Nel leggere un libro, non possiamo che farlo dal nostro punto di vista. Soprattutto se quel libro, e questo lo è, offre più livelli di lettura molto coinvolgenti (grazie a una scrittura che procede implacabile, qua e là avvolta di dolcezza e persino ironia): lo leggi quasi fosse un romanzo, un diario personale, ma anche un resoconto clinico, a uso e consumo di una propria ricerca di autoterapia guaritrice. Il punto di vista di chi sta nel mondo della comunicazione è la fatidica domanda: del suicidio, se ne parla o no? Forse no, per via del paventato «effetto Werther», dal romanzo di Goethe, in base al quale raccontarne sui mass media porterebbe all’emulazione in altre persone.

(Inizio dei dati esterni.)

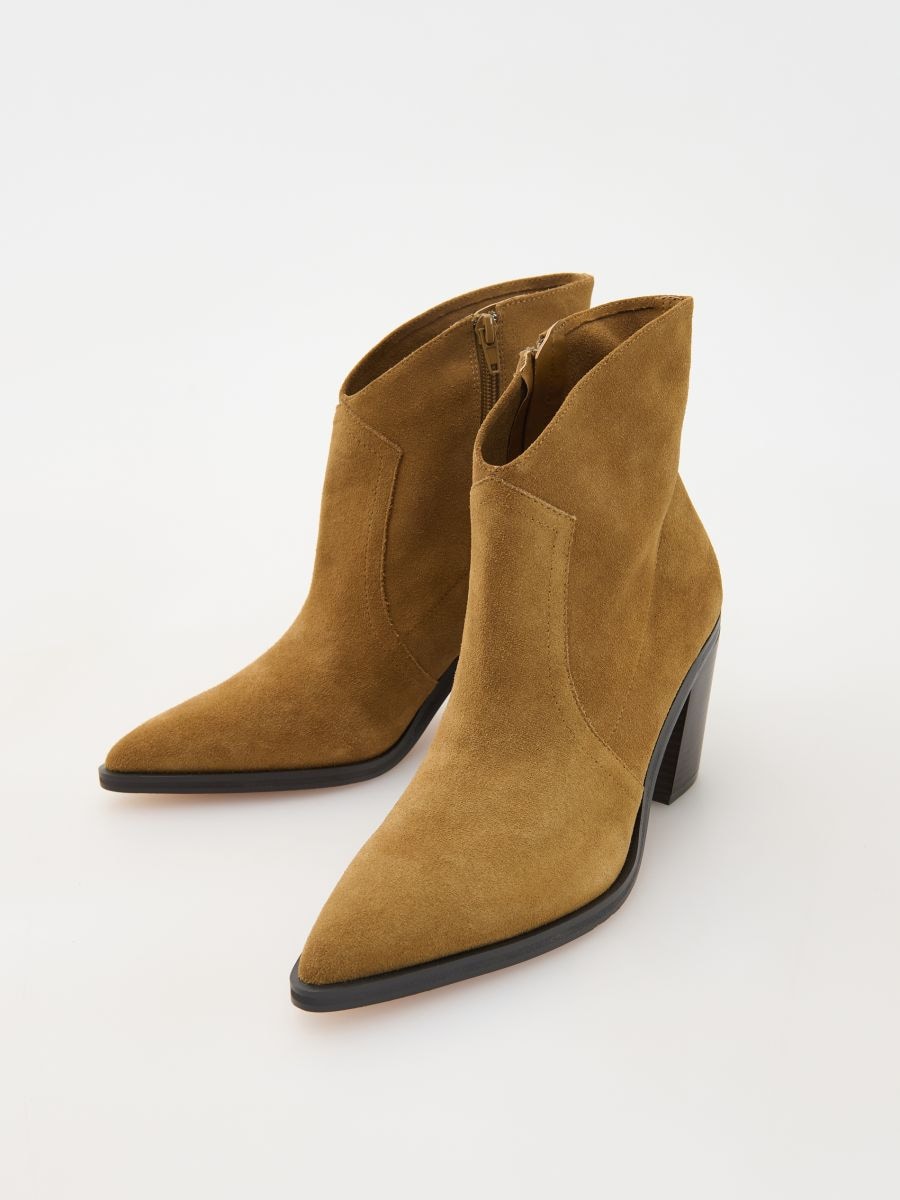 Suede heeled ankle boots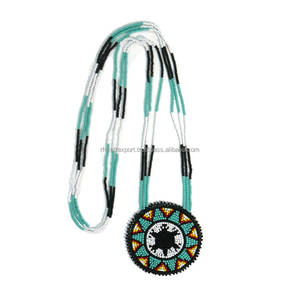 Collar de patrón geométrico romántico Unisex hecho a mano, semilla de cristal chapada en oro con cuentas como regalo de prettern nativo - Product Image 1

O, forse, il problema vero è come parlarne. In questo libro a scriverne in prima persona è la stessa autrice: «Ho tentato di uccidermi il 26 luglio 2012, avevo da poco compiuto trentadue anni e da neppure quattro mesi partorito la mia prima e unica figlia, Greta». Per la cronaca, buttandosi dal quarto piano di una palazzina. Poi si può, e si deve, scavare nella propria vita, in quella di coloro che ci stanno attorno, nelle risorse e negli errori della medicina, negli affetti che curano e nelle omissioni di soccorso per troppo affetto, ma il mistero rimane: perché?
Si può non condividere del tutto alcune conclusioni dell’autrice sui temi tanto dibattuti del fine vita, ma essere d’accordo con il bisogno di dare un senso: che di per sé non è solo trovarne una ragione o essere in grado di darne una spiegazione logica, è molto di più. È «un gesto politico», dice l’autrice: interrogarci sul nostro approccio a dolore, fragilità, bisogno d’aiuto. Ai margini angusti entro cui rinchiudiamo l’idea di una vita perfetta e realizzata. Da queste parti, oltre che a psicofarmaci e terapie varie, va ricercata una soluzione.